5. What are the obligations of a property manager / landlord in relation to the information and evidence provided by the tenant about their domestic and family violence situation?

Section 308I of the Residential Tenancies and Rooming Accommodation Act, contains provisions relating to confidentiality. Maintaining safety and confidentiality in a domestic and family violence situation is fundamental.

Information provided by the tenant to meet the evidence requirements can be disclosed by the property manager to the landlord or the landlord to the property manager.

Additionally, the information and evidence can be disclosed to a lawyer while obtaining legal guidance or otherwise as required by the law. Overall, the information must not be revealed to any other person.

Specifically, both the landlord and property manager must not disclose it to other tenant/s of the property regardless of whether they claim to have the permission of the tenant to do so.

6. What if the tenant doesn’t provide evidence or the landlord isn’t satisfied with the evidence provided to them?

The landlord may within seven days inform the vacating tenant whether they propose to apply to the Tribunal to have the notice set aside.

The landlord may within seven days after receiving the notice ending the tenancy interest apply to Queensland Civil and Administrative Tribunal (QCAT) for an order setting aside the notice.

7. What happens with the security bond when a tenancy ends due to domestic and family violence?

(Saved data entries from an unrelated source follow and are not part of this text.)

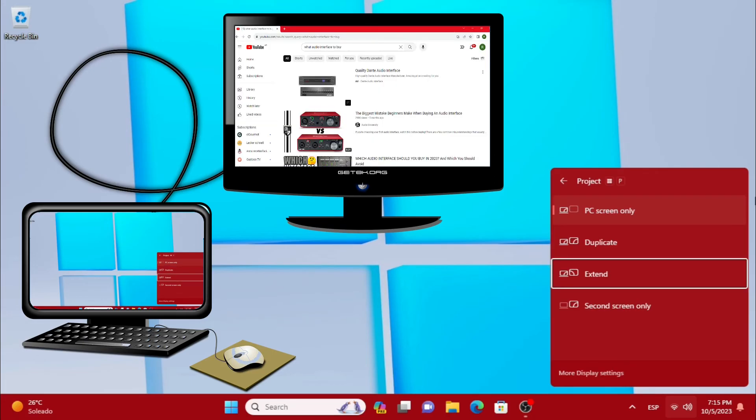Extend: we see the desktop on the PC and Google Chrome on the TV, for example.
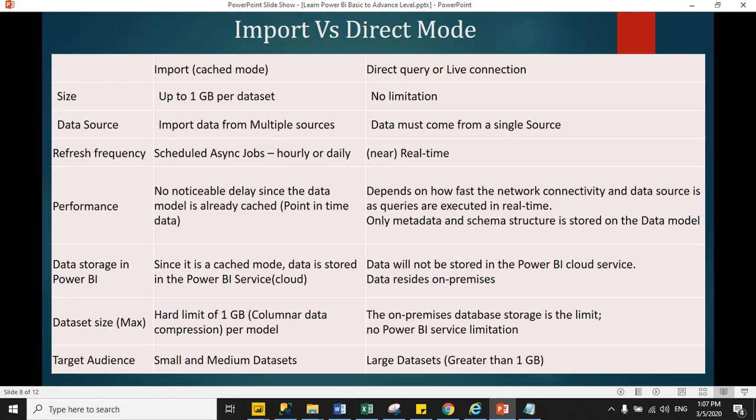Data storage mode: In import mode, Power BI stores data in Power BI cloud service because Power BI loads all data in cache. But in direct query mode, Power BI does not load any data in Power BI cache, so Power BI does not store any data in Power BI service.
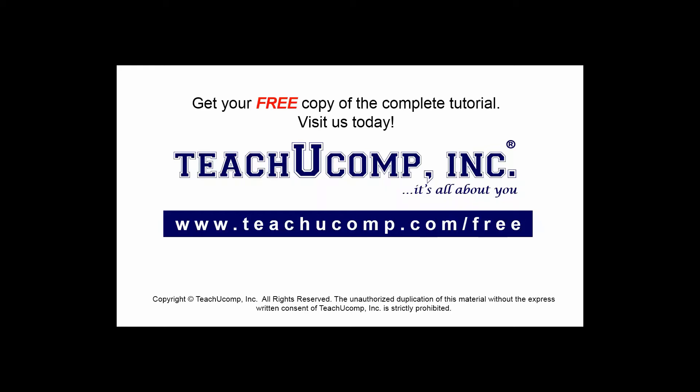Get your free copy of the complete tutorial at www.teachucomp.com/free.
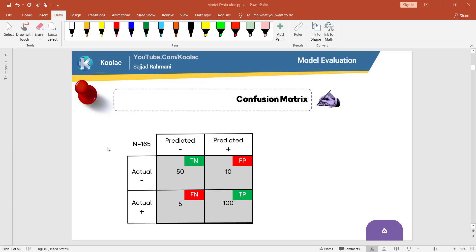As you can see, we have two labels: negative and positive. These are the actual labels and these are the predicted labels. For example, this 50 means that we have 50 cases where the actual label was negative and we have truly predicted negative. This 10 means there were 10 cases where the actual label was negative and we have predicted positive. This 100 means there were 100 cases where the actual label was positive and we have truly predicted positive. And this 5 means there were 5 cases where the actual label is positive and we have predicted negative.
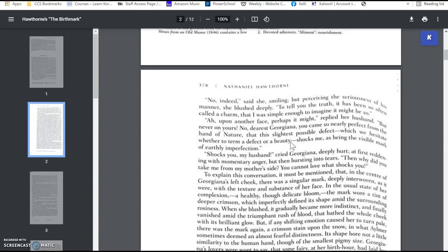And he says, no, dearest Georgiana, you came so nearly perfect from the hand of nature that this slightest possible defect, which we hesitate whether to determine a defect or a beauty, shocks me as being the visible mark of earthly perfection. And this really hurts her feelings, because here she was, she is in this marriage, and she's 100% committed to it, and she kind of worships the ground he walks on, and he's just told her that this one thing about her shocks him, and it hurts her feelings on a whole new level.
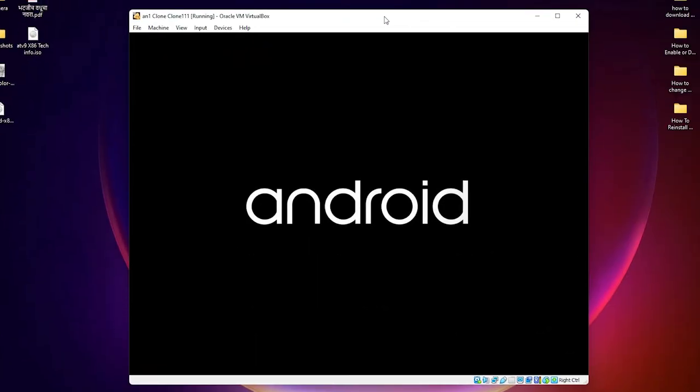So guys, this is the simplest way to fix Android x86 freeze at GRUB booting in VirtualBox.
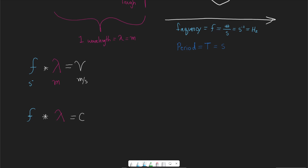Light waves are much faster than sound waves, and sound wave speed depends on the medium it's traveling through — we'll talk about that later. Keep in mind that c = λf is just a variation of v = fλ. And c, by the way, is the same c found in E = mc², the speed of light.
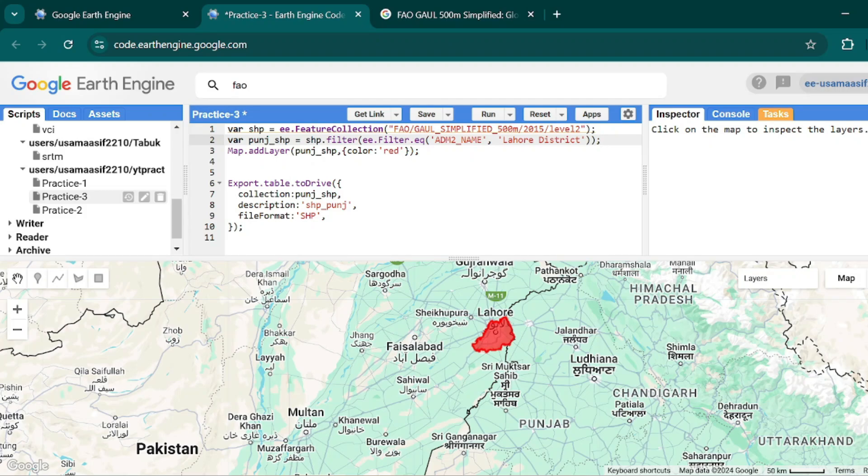And now if I hit Ctrl+Enter, then it will give me only the boundary of Lahore. So with these few lines of code you can extract the district boundary, the provincial boundary, and the administrative level boundary of a whole country. It's just these few lines of code. Many thanks, take care, Allah Hafiz.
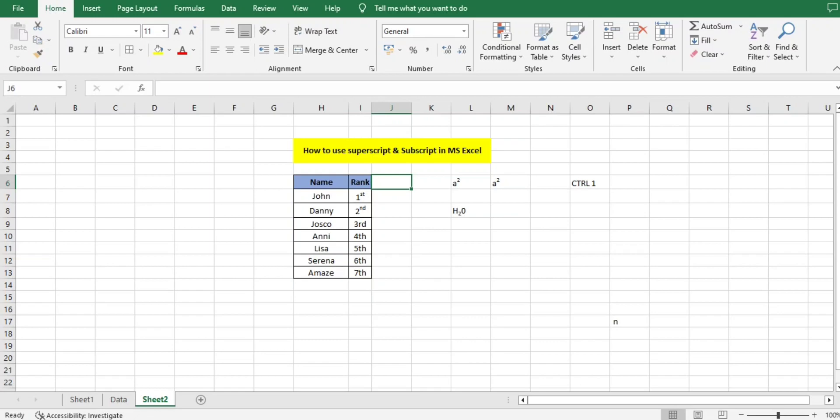Please let me know if you have any questions, but this is very important to understand. This is all about superscript and subscript. Please share and subscribe the channel. Let us know if you require any other video related to any Excel function or formula.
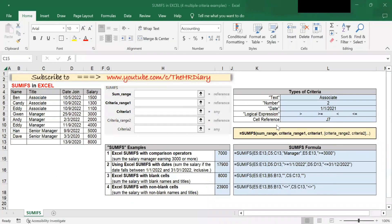Hello, welcome to Excel Tips by the HR Diary. In this video, I will show you how to use the SUMIFS function in Excel. The SUMIFS function is used to find the conditional sum of values based on multiple criteria. I will demonstrate how to use Excel's SUMIFS formula using four multi-criteria examples.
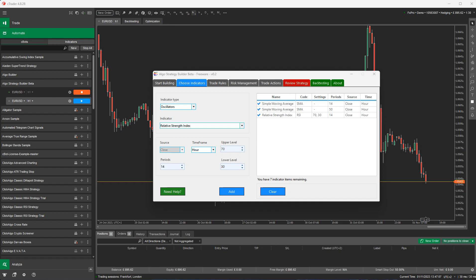Hello and welcome to another video of the C-Trader Algo Strategy Building Tool. Today I'm going to explain briefly how to set up your trade rules.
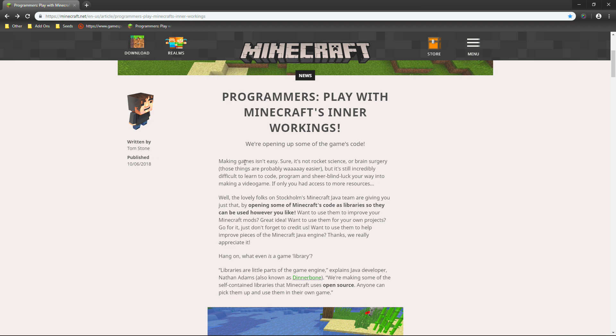Well, the lovely folks at Stockholm's Minecraft Java team are giving you just that. By opening some of Minecraft's code as libraries so they can be used however you like. Want to use them to improve your Minecraft mods? Well, you can do that. Great idea. Want to use them for your own projects? Go for it. Just don't forget to credit us and want to use them to help improve pieces of the Minecraft Java engine? Thanks. We really appreciate it.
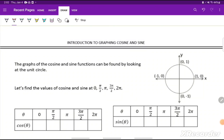In this video, we're going to introduce graphing the sine and cosine function. The graphs of the sine and cosine functions can be found by looking at the unit circle.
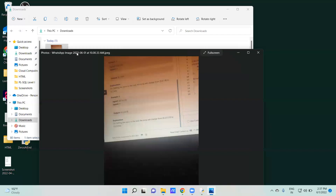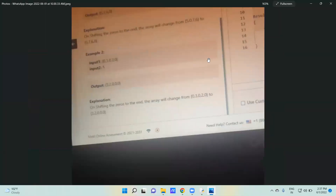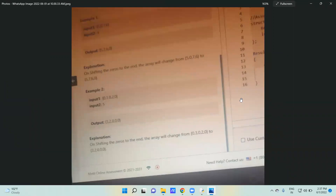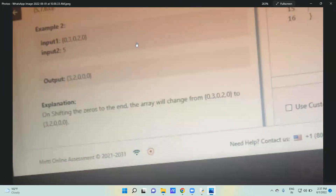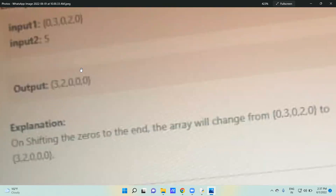Let's check this question. We have to simply shift zeros to the right of the list. The input is a list containing elements 0, 3, 0, 2, 0 and the length of the list. The output should have zeros shifted to the right of the non-zero elements, so the output should be 3, 2, 0, 0, 0.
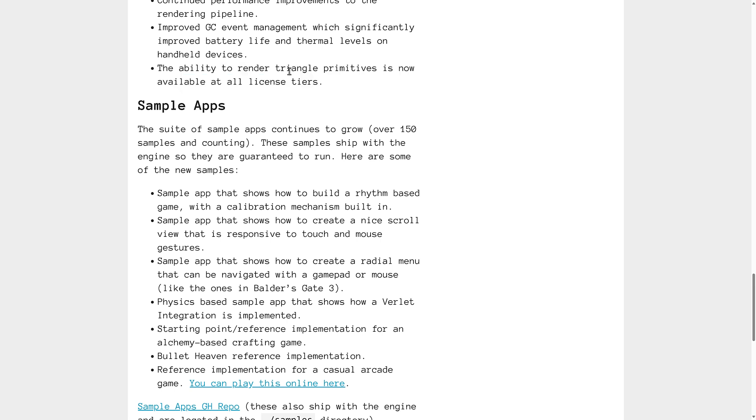And the ability to render triangle primitives is now available at all licensed tiers. So you could only render triangle primitives before on, I think it was the pro licensed version. So that is something that has changed.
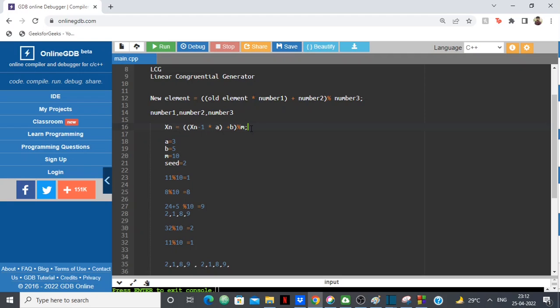So that's it. I hope this video gave you some insight into how random number generators work. Do subscribe, like the video, and that's it for the video.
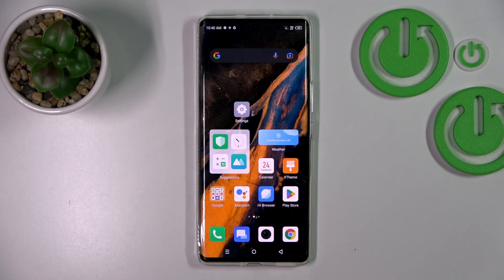Hi, today I'm Fred from Infinix Zero Ultra and I'll show you how to change the lock screen wallpaper on this device.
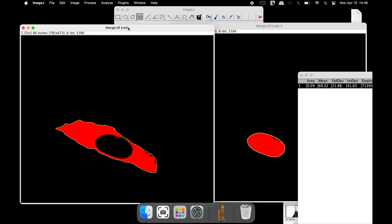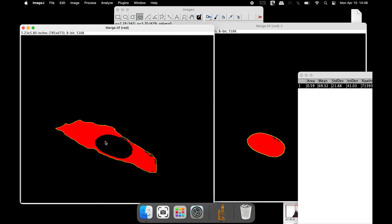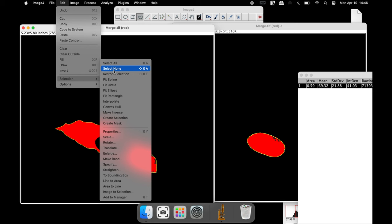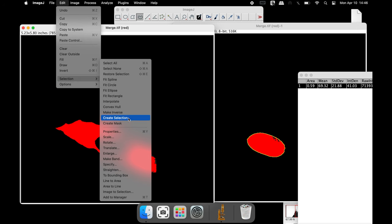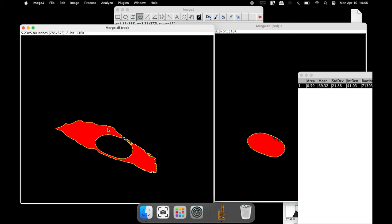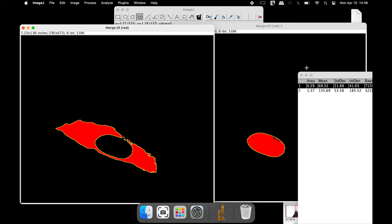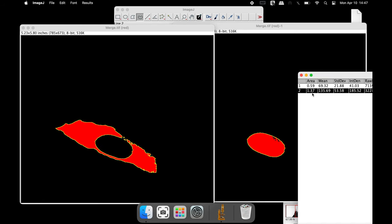To measure the cytoplasmic staining intensity, first deselect the current selection by clicking on Edit, Selection and Select None. To select only the cytoplasmic area, click on Edit, Selection and Create Selection. Now the cytoplasmic staining intensity is ready to be measured — click on Analyze and Measure. The results can be found in the results window.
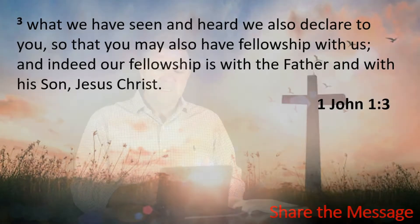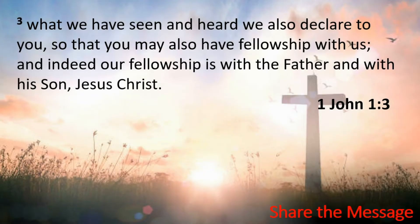He says in verse three, 'What we have seen and heard we also declare to you so that you may also have fellowship with us.' It's interesting because he flipped his order around. Back in verse one he said what we have heard and what we have seen, now he says what we have seen and what we have heard. He's trying to pick his thought back up again.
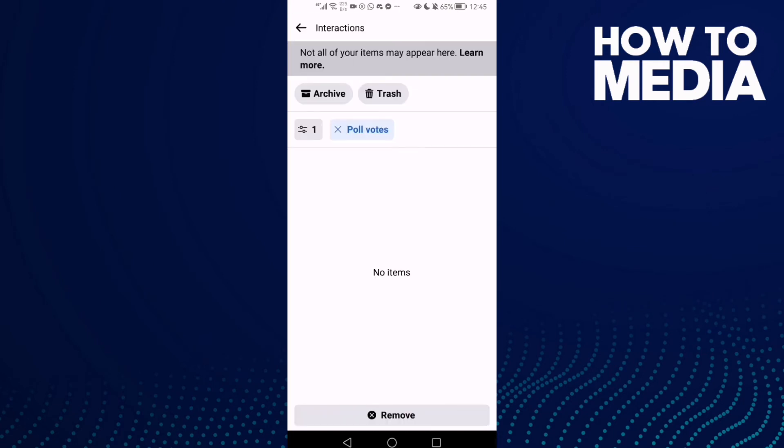As you see here, you can review your poll votes and you can remove it. Just select it and then click Remove.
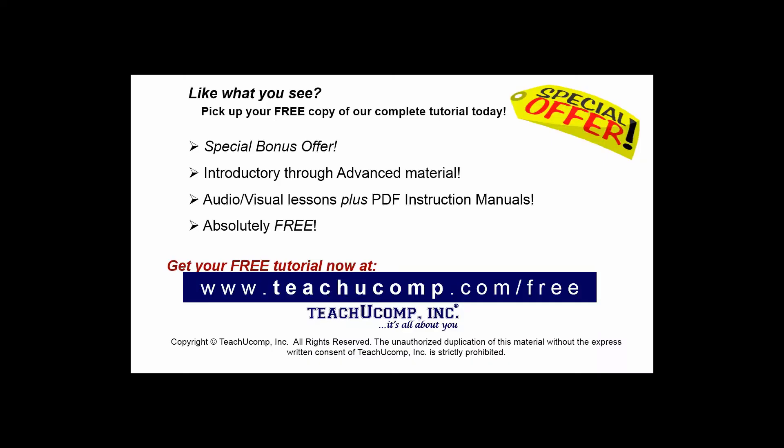Like what you see? Pick up your free copy of the complete tutorial at www.teachucomp.com/free.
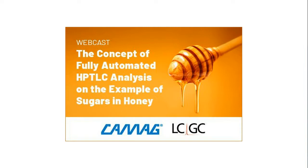Hi, everyone. Welcome to today's live broadcast, the concept of fully automated HPTLC analysis on the example of sugars and honey. I'm Alyssa Maripoti, the custom content editor of LCGC, and I'll be your moderator for today's event.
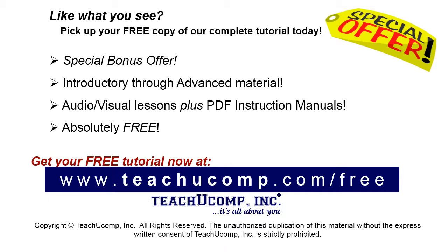Like what you see? Pick up your free copy of the complete tutorial at www.teachucomp.com/free.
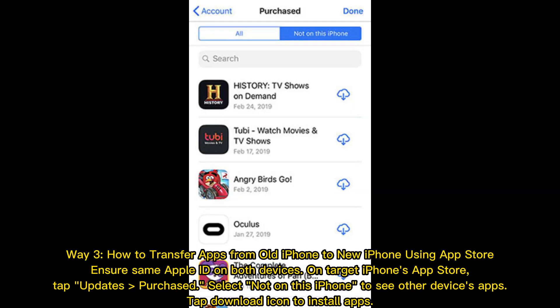Way 3: How to transfer apps from old iPhone to new iPhone using the App Store. Ensure the same Apple ID is used on both devices. On the target iPhone's App Store, tap Updates then Purchased, and select 'Not on this iPhone' to see the other device's apps. Tap the Download icon to install the apps.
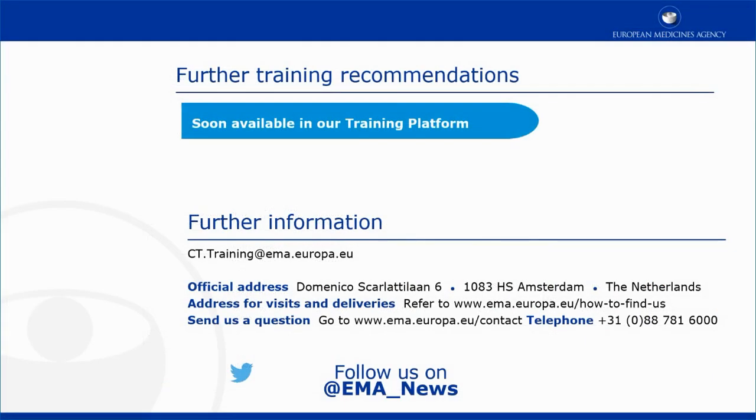This video is part of the CTIS training program. For more information on how to document and consolidate considerations for validation, you may visit our training platform and our additional materials.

If there is more than one tenant listed on the tenancy agreement, the tenant can request their bond contribution be refunded and remaining co-tenants need to top up the bond balance whenever requested to do so.

The landlord/property manager cannot claim re-letting costs from a person experiencing violence where their interest in the tenancy has ended. Nor are they liable for property damage brought about by the domestic and family violence they have experienced.

8. In the event that a tenancy ends because of domestic and family violence and there is more than one tenant listed on a tenancy agreement, what is the prerequisite of the landlord / property manager to apprise the remaining tenant/s of their tenancy obligations and requirement to top up the bond?

The landlord / property manager must give each remaining tenant/s a continuing interest notice no later than fourteen days but no sooner than seven days after the vacating tenant’s interest ends.

If remaining tenants are required to top up the rent bond the due date must not be earlier than one month after the notice is given to each of the remaining tenants.

Check out the Housing Legislation Amendment Act 2021’s amendments here.